I think of a retiree as someone who has chosen not work any more and isn't simply unemployed. These people aren't dependents either, children, for example. I also think of retirees who are able to live off of their own resources, without being a burden on their families or friends.

Within these parameters, there's probably no age requirement for visa purposes.

I'm sure there's more, but I don't see an age requirement for retirees either.

If you need, and choose to work, in my mind you're not a retiree yet.

Anybody else?

WashDC/SMA


----------



## TundraGreen (Jul 15, 2010)

gemdomer said:


> Does anyone know if there is a minimum age requirement for the FM2 Rentista visa? I keep reading that it is a retiree visa but on the INM website, there is no mention of a minimum age.
> 
> My husband and I have been living in Mexico for a few years on FM3 and FM2 visas - I have a "cargo de confianza" visa with my company. My husband has his own company developing mobile applications, and he works from home. The plan is to eventually quit my job and work with him on his company full-time. He is paid in USD into his US bank account. The visa category that makes the most sense is the Rentista, since we will be living on income earned outside Mexico. We are in our 30's. Has anyone tried this or know of anyone younger than retirement age on a Rentista visa?
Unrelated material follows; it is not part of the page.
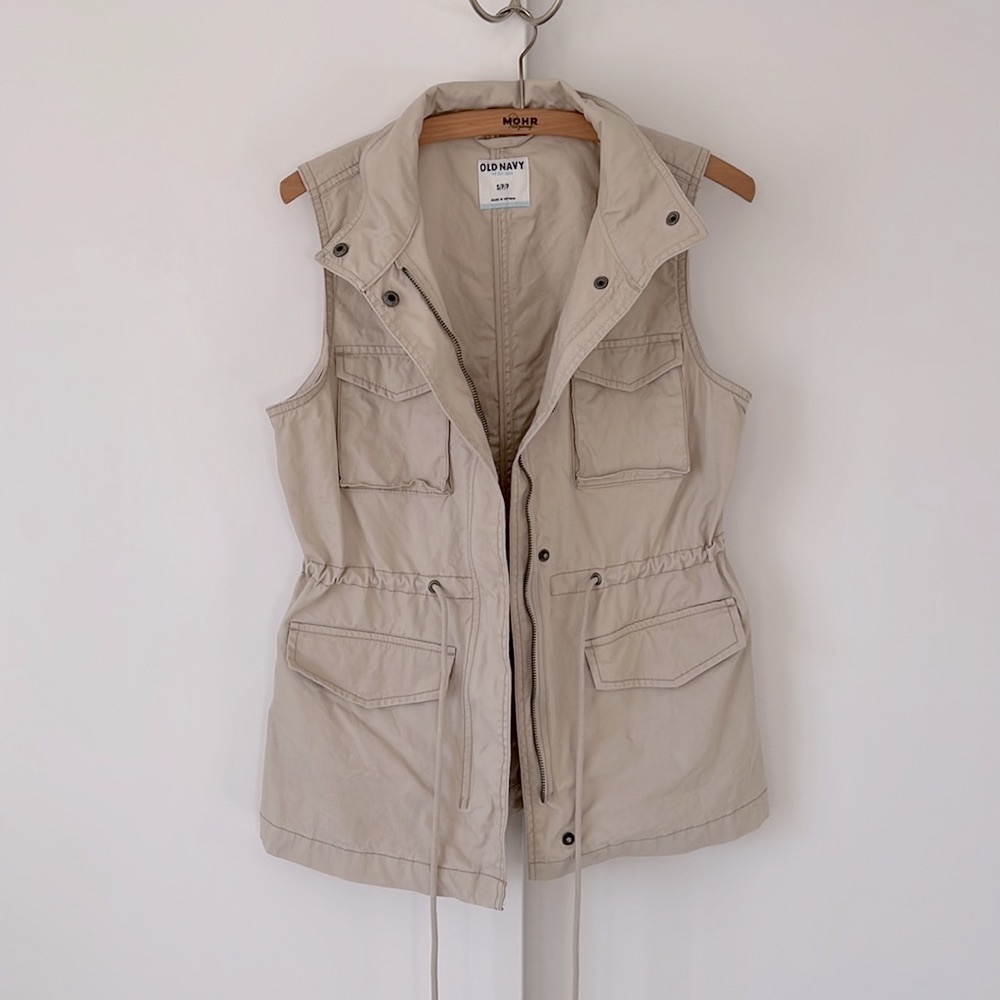 Old Navy utility vest. Lots of details. Excellent condition.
They don't ask for a birth certificate, just proof of income. You should not have any trouble, but the final answer would have to come from Migracion.


----------



## RVGRINGO (May 16, 2007)

The new rules and procedures are still a month or two away, so you may have to wait to know the details.
In any event, you both must have permission to work in Mexico, as you know. Since your husband had an FM2, I'll assume that he now has an 'Inmigrante lucrativa' visa from INM. As such, he will be able to get 'Residente permanente', if he has held these types for some four or five years. Under the new rules, it appears that you would then be eligible for the same status, as his wife. The 'Residente permanente' includes the right to work and frees you from further INM renewals and fees.
Things to think about.


----------